Jobs: Oh, far less reliability. Larry’s software senses the disk speed, and Burrell’s hardware can adjust to one of four hundred speeds. So if it’s written on something that’s a little out of whack, we can just adjust right down to the necessary speed and read it. Everything on the Macintosh board – the serial timing, the disk timings, the microprocessor timings, the video timings, the sound timings – comes from one crystal oscillator and is synchronized from one source. And, again, it’s better, of course, technically to do it that way. Everything works much better, but it also saves parts, and we can offer this thing cheaper to customers. And most of this stuff customers will never ever realize or care about anyway. I mean, who cares how many crystal oscillators you have? But you do care about how big your computer is. You do care about how much it costs, and you do care about how well it works.

Atkinson: If you ever drop your computer you find out quickly how many crystal oscillators you have.

BYTE: So with the variable speed in the disk drives, I guess there’s no problem having two drives that are 3 percent different in speed.

Jobs: We read it and adjust it so that the speed is accurate relative to that crystal. That crystal on the board is superaccurate. We can adjust the disk drive relative to that superaccuracy.

Atkinson: You force all the disks to go at exactly the same speed by having the software constantly monitoring the speed and saying, “Ah, it’s running a little slow; jack it up a little bit,” so that each disk doesn’t have to be adjusted at all. You switch disk drives, and the new one will run at exactly the same speed because you force them all to.

Smith: It turns out that the speed variations occur partly because you plug in a new cassette that loads the motor down in a different way and also because of temperature variations that cause very long-term drifts in the disk speed. Using a little bit of the processor to fix that doesn’t cost us any performance at all on the system.

BYTE: What about the display electronics?

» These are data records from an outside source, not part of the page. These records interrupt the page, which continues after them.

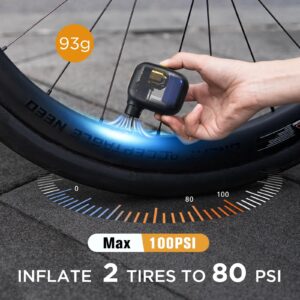 4ecb41177b45558e AIRBANK AS100 Mini Portable Bicycle Pump Rechargeable Air Inflator 100PSI Type-C Bike Accessories for Bike Schrader Presta Tires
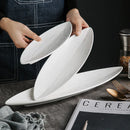 Ljojo Long Leaf Plate - Premium Ceramic Sushi Platter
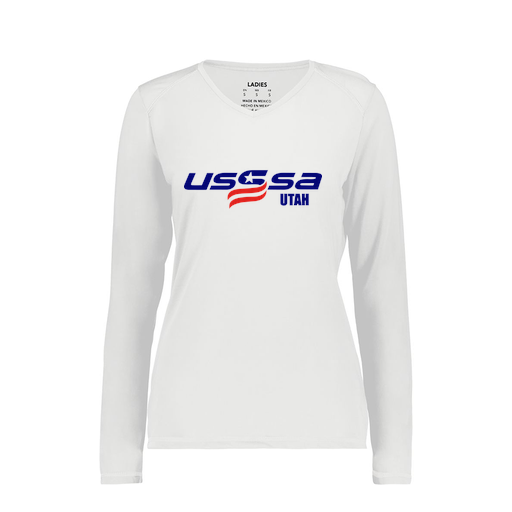 [6847.005.XS-LOGO2] Women's SoftTouch Long Sleeve (Female Adult XS, White, Logo 2)
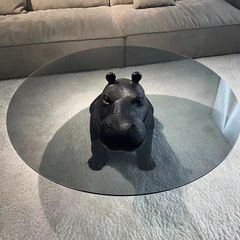 [Order] Bàn trà kính cường lực Hippo phong cách Ý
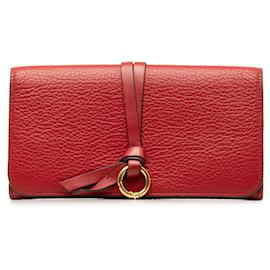 Chloé-Chloe Leather Alphabet Flap Wallet Carteira longa de couro em bom estado-Outro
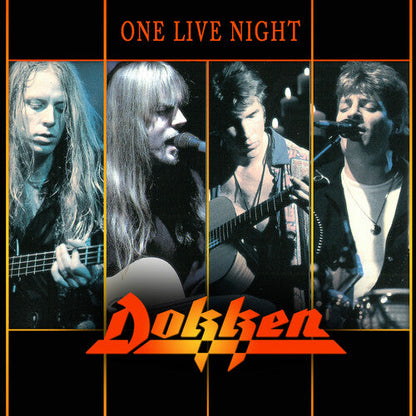 Dokken One Live Night (Limited Edition, Yellow Smoke Colored Vinyl) (2 Lp's)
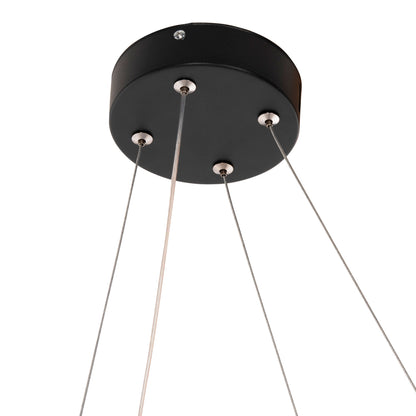 Ceiling Pendant Luminaire Hm7522.03 Black- Led 52x28x66hcm.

Atkinson: Where is the display controller?

Hertzfeld: It’s hidden.

Jobs: If you bite into that IBM display board, it’ll totally flicker if you do it at the wrong time. You’ve seen that, right? Woz just came up with this really brilliant way to do the Apple II. He realized that memory was about twice as fast as the microprocessor needed it and twice as fast as the video needed it. So he put the microprocessor over here and he put in essence the video over here, and he put some multiplexers in the middle. He shared the exact same memory between the two in a way such that this one thought it had all the memory all the time and this one thought it had all the memory all the time, yet they shared the same memory! All this thing had to do was write into certain memory locations and, magically, it would appear on the screen. The microprocessor never even had to think about the screen. All it did was look at memory locations.

Atkinson: And there was no way to glitch the video because accesses were mutually exclusive.

Jobs: Right. And so it turns out that, try as we might, we have never been able to find a better way to do it.

Atkinson: At the same time that the processors have gotten faster, memory’s gotten faster; the memory is still twice as fast as the processor.

Jobs: And so, again, it gives you greater performance, because you don’t have to write only at special times and slow yourself down. It cuts the chip count way down because you don’t need two banks of RAMs, so the customer’s not paying for these extra chips, and it just makes a more elegant product.

BYTE: How far does the similarity extend between the Apple II video and the Mac’s video?

Smith: We have a three-part memory architecture on Mac. We have a DMA window for sound, video, and CPU... shared by three devices. Also, what we do that is a little more sophisticated than Apple II is return memory cycles to the processor during horizontal and vertical retrace. And with the analog design we’re able to lengthen the horizontal retrace interval, which gives us more performance for graphics by making more time available to the processor from memory and giving the analog electronics more time to retrace the beam. On the Apple II, Woz sort of designed this logic board and the power supply was kind of added. On Mac, we really designed the entire system as a complete system from the ground up, so we used different constraints. I would say there’s not much similarity. The great thing about Mac as a product is that it really wasn’t designed as just this piece over there and this piece over there and this other piece... All of it was designed in parallel, everybody knowing what everyone else’s job was.

BYTE: How did you decide on the appearance of the machine?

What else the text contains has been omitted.